Now there are so many jobs available, and companies compete more on benefits and culture than they do on pay any more really, that unions are largely obsolete. Don't like a company, or they don't pay enough. ****'em and move on. Easy peasy. Vote for what the company does by where you choose to work. Believe me, this works. I have been in many strategy meetings discussing how we improve retention and it always centers around providing a better work environment, increasing pay, etc. There are some companies and industries that are so heavily unionized it just won't ever change, and especially in closed-shop states, this will likely never change. But I have serious doubts that many unions do very much at all to improve anything for workers beyond what the competition for workers among companies does anyway. You better believe we NEVER try to get people to work through breaks, or to pay them less than they are owed, or to cut their pay arbitrarily, or to simply cut pay for no reason than the bottom line, or work them ungodly hours in a row, or anything else unions claim they can improve, because we value our employees and I do not want to continually be training new people.
I worked at amazon. I can tell you it is a meat-grinder, there is zero doubt. Even for higher level leadership. At the facility/site leader level even we had double digit turnover every year. People left in droves. But they came in droves too, because amazon always paid more and frankly working there carried a certain cachet. I have many friends still working there and I can tell you they have had a concerted effort over the entire life of the company to relentlessly drive improvements in efficiency. This is what makes it possible for them to do what they do, deliver in ways previously unthinkable. But it has another side-benefit for the company. They take almost no time to train anyone and get them up to speed. For me, in my current company, we have about a 4 day training curve, then a 3 day ramp-up curve. That is 7 business days to get people up to required productivity rates. In most amazon roles, that is 1-3 days. That's it. Simplify and invest (or in amazon's case, create from scratch) the right technology and it becomes simply plug and play. So now they can ride the edge of legality when it comes to how they treat employees and if you leave, they don't give a ****, the droves coming in behind you will fully replace you in 3 days. So they do things like work people to literally 1 minute before the time they must provide a 2nd lunch to workers (12.5 hours in California) and then send everyone home. Get the max work with the minimum time given back. In some states, like Utah, there is no law governing breaks - by the way, no matter what you might think about it, there is no federal law governing giving people breaks, other than lunch breaks, those laws are set by the states - so in Utah you do not have to give a break AT ALL, if you don't want to.

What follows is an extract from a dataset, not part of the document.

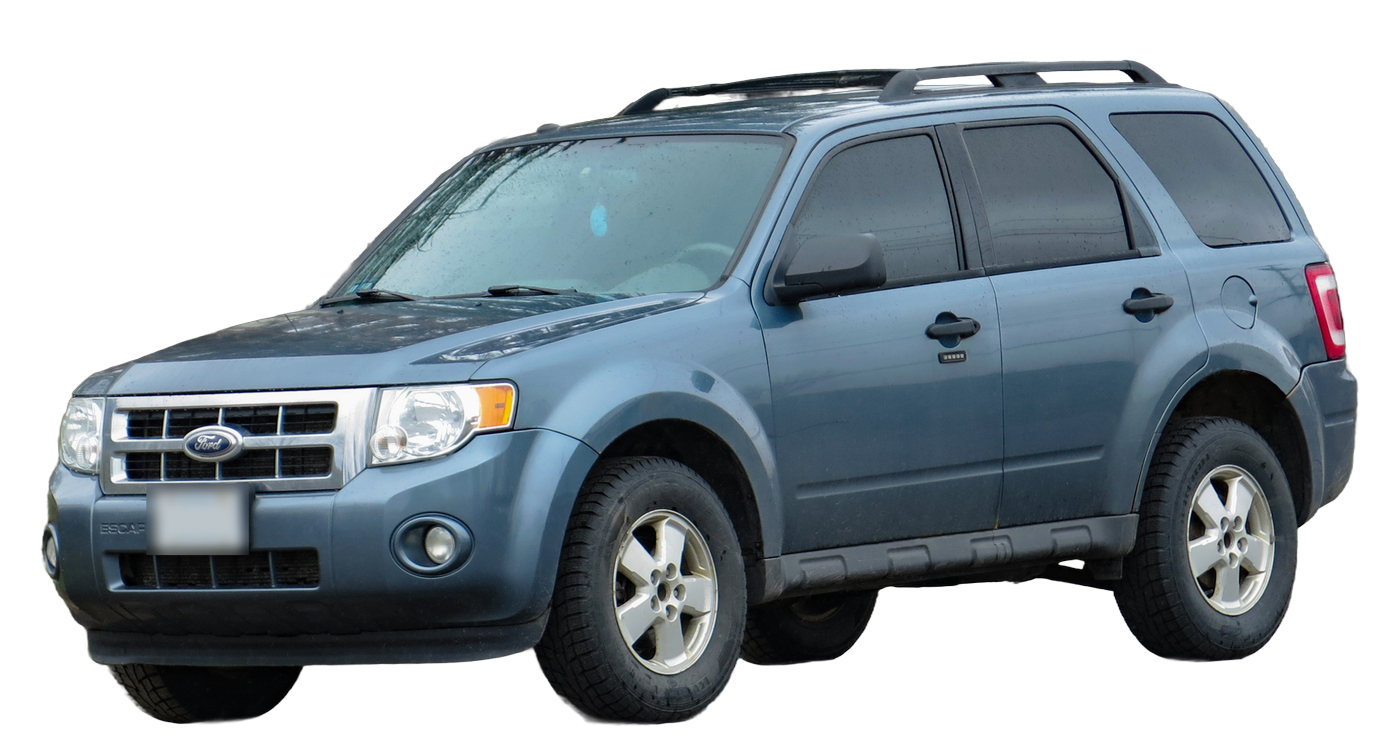 Ford Escape Gen. 2 (2008–2012)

Pretty much 100% of all companies do because it will drive people away. I know in a couple of other similar states, amazon sites started up then offered no breaks until they saw a certain percent of turnover, then they added one break, then waited for turnover to climb again, then added another one. This is the way they tend to operate, riding that edge to squeeze every ounce of competetive advantage out of their workforce. They are also militant about productivity rates, and they are good about obscuring levels of discipline to keep people working hard riding a phantom edge of getting fired. Talk about a stressful environment!
But they pay really well, and their bennies are solid, largely due to economies of scale. They get in with a benefits provider where amazon is 80% of their business so then amazon can dictate rates, not negotiate. But they are definitely not an easy place to work. I am therefore not surprised they finally had a successful union push. They are probably one of the companies that needed it. And I do think this will cascade. It is going to hit other sites. Also I would not be surprised to see amazon shut down sites rather than take on a union at some point. They are big enough to just absorb that if they have to, barely a blip on the radar. They will just work people in a neighboring site twice as hard to make up for it!

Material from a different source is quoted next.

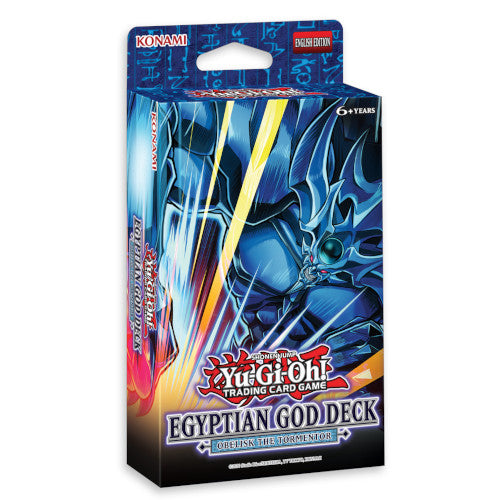 Yugioh Egyptian God Deck - Obelisk the Tormentor Structure Deck x1 - Unlimited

I can also tell you this, I am 99% certain that all senior leadership at the site that went union were fired. Amazon pushes harder on anti-union activities than any company I have ever worked for, and they will hold the site leadership fully accountable for losing that fight.
TL/DR - unions are not needed anymore, except when they are
I got a 3% in Feb (not technically a COLA, just a "we're not paying your position specifically competitively" adjustment), and then a 23% for my promotion I just got. Not that that's related (we're not union, altho a bunch of the nursing and maintenance staff are) but I wanted to brag.I just got a 5% raise this week and am getting a 3.5% cost of living in July. By far the best in my 7 years working for the State. We have a employees association that lobbies the legislature for us.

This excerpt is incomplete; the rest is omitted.